After this, I began working on facial recognition more. This is to ensure that the program is actually analyzing the user’s facial features and not someone else’s face in the frame. It will also ensure that it is actually the user working and that they did not replace themselves with another person to complete the work session for them.
I had first found a simple Python face recognition library, which I did some initial testing of. Although it has a very simple and usable interface, I realized the performance was not sufficient as it had too many false positives. Here you can see it identifies two people as “Karen” when only one of them is actually Karen.
I then looked into another Python face recognition library called DeepFace. This has a more complex interface, but provides much more customizability as it contains various different models that can be used for face detection and recognition. I did some extensive experimentation and research of the different model options for performance and speed, and have landed on using Fast-MTCNN for facial detection and SFace for facial recognition.
Here you can see the results of my tests for speed for each model:
❯ python3 evaluate_models.py
24-03-21 13:19:19 - Time taken for predictions with VGG-Face: 0.7759 seconds
24-03-21 13:19:20 - Time taken for predictions with Facenet: 0.5508 seconds
24-03-21 13:19:22 - Time taken for predictions with Facenet512: 0.5161 seconds
24-03-21 13:19:22 - Time taken for predictions with OpenFace: 0.3438 seconds
24-03-21 13:19:24 - Time taken for predictions with ArcFace: 0.5124 seconds
24-03-21 13:19:24 - Time taken for predictions with Dlib: 0.2902 seconds
24-03-21 13:19:24 - Time taken for predictions with SFace: 0.2892 seconds
24-03-21 13:19:26 - Time taken for predictions with GhostFaceNet: 0.4941 seconds
Here are some screenshots of tests I ran for performance and speed on different face detectors.

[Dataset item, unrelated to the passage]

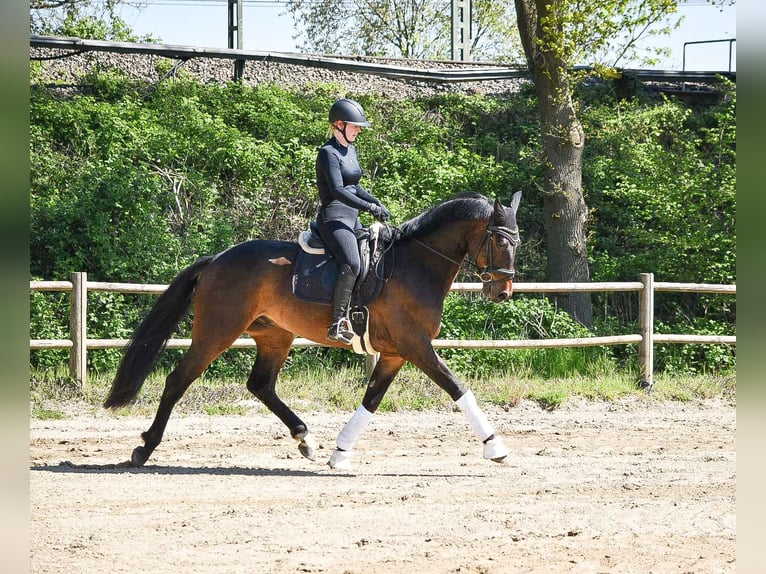 Westfale Wallach 4 Jahre 173 cm Brauner in Ascheberg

OpenCV face detector (poor performance):
Fast-MTCNN face detector (better performance):
Here is an outline of the overall implementation I would like to follow:
- Use MediaPipe’s facial landmarking to rough crop out the face
- During calibration
- Do a rough crop out of face using MediaPipe
- Extract face using face detector
- Get template embedding
- During work session
- Do a rough crop out of face 0 using MediaPipe
- Extract face using face detector
- Get embedding and compare with template embedding
- If below threshold, face 0 is a match
- If face 0 is a match, everything is good so continue
- If face 0 isn’t a match, do same process with face 1 to see if there is match
- If face 0 and face 1 aren’t matches, fallback to using face 0
- During work session
- If there haven’t been any face matches in x minute, then user is no longer there
Although I hoped to have a full implementation of facial recognition completed, I spent more time this week just exploring and testing the different facial recognition options available to find the best option for our application, and outlining an implementation that would work with this option. Overall, my progress is still on schedule taking into account the slack time added.